If you're feeling the pinch of a rising mortgage payment, you're hardly alone. By one estimate, about $1.3 trillion in existing mortgages will face an interest-rate reset by the end of 2008. Anyone who took out an adjustable-rate mortgage in recent years, or was enticed by a mortgage with a too-good-to-be-true initial rate, will get hit with a reset that goes up, not down.
If you're facing an adjustment - or have already fallen behind on payments - take a deep breath and think clearly. If you're like most Americans, there's enough "hidden cash" around your home to more than make up the difference. You just need to uncover it. The following tips will help you do so.
Every time you find yourself one click away from an online purchase, I want you to ask, "Why am I buying this?" Often the answer will be, "Because it's just $20." You know what I mean: The rationalization that a small purchase is no big deal in the grand scheme of things. Well, it can be a very big deal.
A refund is nothing more than Uncle Sam returning money you overpaid. Adjust your withholding so that you don't have more deducted from your paycheck than is required (or if you're self-employed, rework the numbers to make sure your estimated quarterly tax payment is correct). Online tools can help you calculate the exact amount. Just type "withholding calculator" into a search engine. Try to estimate carefully, and remember that it's OK to owe the IRS a small amount at the end of the year.

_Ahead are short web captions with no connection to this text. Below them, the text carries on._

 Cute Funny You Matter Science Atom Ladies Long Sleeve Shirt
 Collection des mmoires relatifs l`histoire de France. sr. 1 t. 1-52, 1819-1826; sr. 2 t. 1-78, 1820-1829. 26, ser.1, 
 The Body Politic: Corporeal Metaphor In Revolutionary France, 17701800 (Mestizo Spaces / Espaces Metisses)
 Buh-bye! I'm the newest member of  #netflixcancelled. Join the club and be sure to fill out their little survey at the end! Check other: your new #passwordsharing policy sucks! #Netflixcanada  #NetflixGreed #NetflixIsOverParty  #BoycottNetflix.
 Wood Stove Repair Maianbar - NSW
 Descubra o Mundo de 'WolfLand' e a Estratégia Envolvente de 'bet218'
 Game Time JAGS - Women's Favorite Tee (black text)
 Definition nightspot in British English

Those of you who use the standard deduction when filing tax returns should consider itemizing. A few years ago, the Government Accountability Office found that 2.2 million people who took the standard deduction could have reduced their tax bills by an average of $438 if they had itemized. TurboTax or TaxCut software can do the calculations and determine whether it makes sense to itemize.
Reducing the interest rate on any credit card with a balance is another great money-saving tactic. Transfer your balance to a card that offers an introductory rate of zero percent for the first 12 months. Credit-card issuers that offer the zero rate reserve their best deals for consumers with the best credit scores, so yours needs to be at least 760 (find out your FICO credit score at myfico.com). If your score is below 760, make it a priority to nurse it up by paying your bills on time, even if you're making only the minimum payment. That accounts for 35 percent of your FICO score.
Opt for higher deductibles on your auto-insurance policy, and your premiums could go down 40 percent, according to the Insurance Information Institute. This move will also prevent you from filing too many claims, which could result in a higher rate or, in some cases, being dropped by your carrier. Insurance policies should be for protection from major calamities rather than from minor scrapes. If you currently have a low deductible, call your insurer or agent and ask to raise it to at least $1,000.
Also, you can shave as much as 15 percent off your overall payment by buying your home insurance and auto coverage from the same provider. And you may be able to reduce your auto-insurance cost by an additional 10 percent by taking a defensive-driver course.
I know there's nothing you wouldn't do for your kids. But in saying yes to their every spending request, you're doing them a disservice. Less is more.
I can pretty much guarantee you'll find $100 a month in savings if you scale back unnecessary expenditures. Pore over your bank and credit-card statements for the last year and weigh each withdrawal or charge. That premium cable package is probably draining $30 or more that could be better used toward your mortgage.